Lee Enterprises, the corporate parent company of the Corvallis Gazette-Times, the Albany Democrat-Herald, and the Lebanon Express, abruptly closed their Missoula Montana alt weekly, the Missoula Independent last month amid union negotiations. Lee also owns the daily paper in Missoula, and this is not their first trouble with unions in that community.
When he was Editor for Lee Enterprises at the daily Missoulan back in 2005, current Corvallis Gazette-Times editor Mike McInallly was accused of interfering with unionization.
As past Missoulan reporter Robert Struckman, later writing for Dissent Magazine, tells it, “My editor, Mike McInally at the Missoulian in Missoula, Montana, called me into his office one day in 2005 and asked me to close the door. He said that if he ever got wind of union talk from me again—anything at all—he’d fire me.” Struckman now reports working for the AFL-CIO as a Senior Speechwriter and Editor.
In response to Struckman’s assertions, McInally told The Advocate, “Bob Struckman and I have very different recollections of that encounter. I don’t recall ever saying anything like that.”
Lee had only just purchased the decades old alt weekly in April of 2017, but corporate consolidation of local news is nothing new.

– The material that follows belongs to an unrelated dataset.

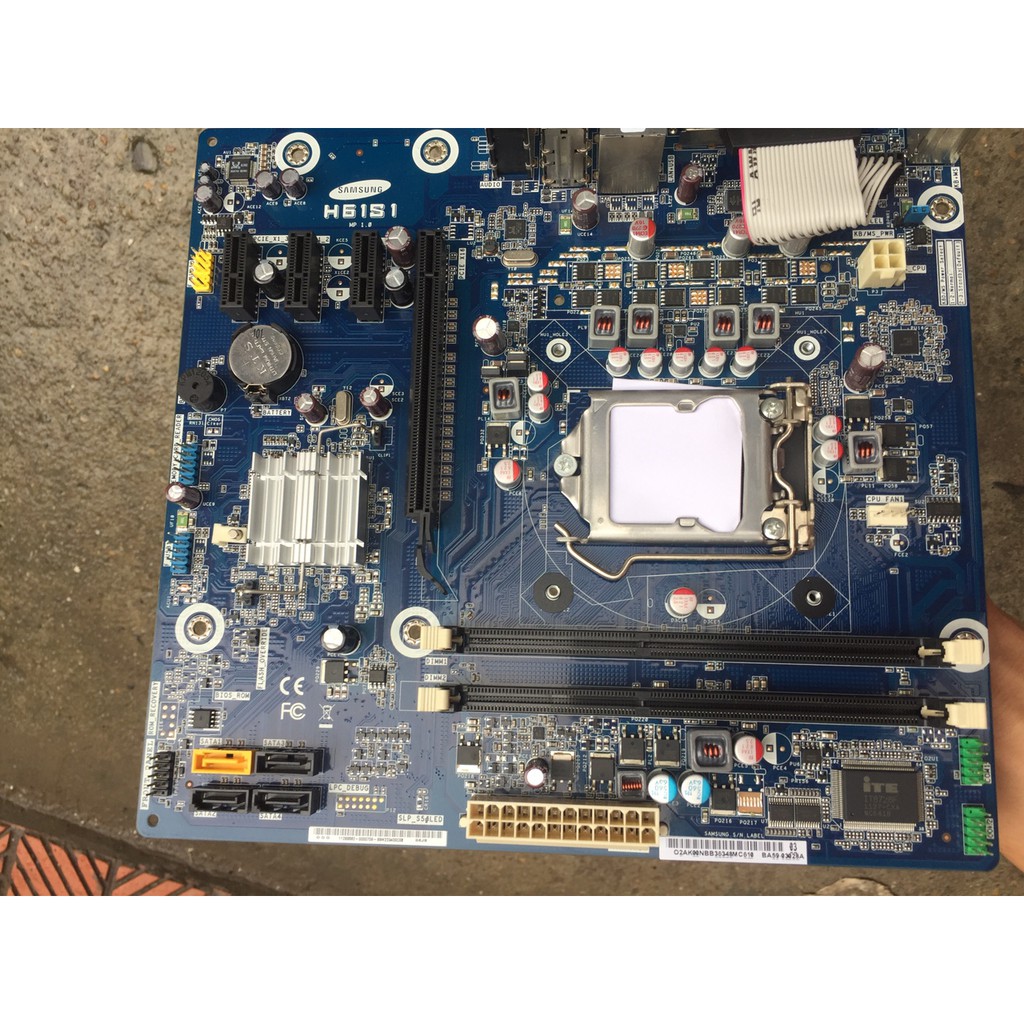 Main SamSung H61 sk 1155 Bảo Hành 24 Tháng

Just look no further than the dailies in Corvallis, Albany and Lebanon. The corporate shuttering of competitive alt-weeklies is not unheard of either, as is evidenced by the unfortunate fates of the Baltimore City Paper and Knoxville’s Metro Pulse. The latter was even still turning a small profit at the time of its demise. Specifically in the media industry, these kinds of absorptions of competition are as frequent as the rain.
In the instance of the Indy, Lee closed it so suddenly that staff showed up to work one morning only to be met with locked doors.
Despite having a monthly budget in the red, the staff at the alt-weekly had decided to unionize in April. Staff writer Derek Brouwer told Spokane’s Inlander that he believed that unionization would help to heal the public’s newfound distrust of the once beloved paper due to corporate acquisition. The closure came in the midst of (somewhat) heated negotiations between the union and the news behemoth regarding staffing cuts, and the relocation of the Indy offices into the Missoulian headquarters.
The paper’s online archives were also purged from existence, which makes seeking new work more difficult for reporters, generally speaking.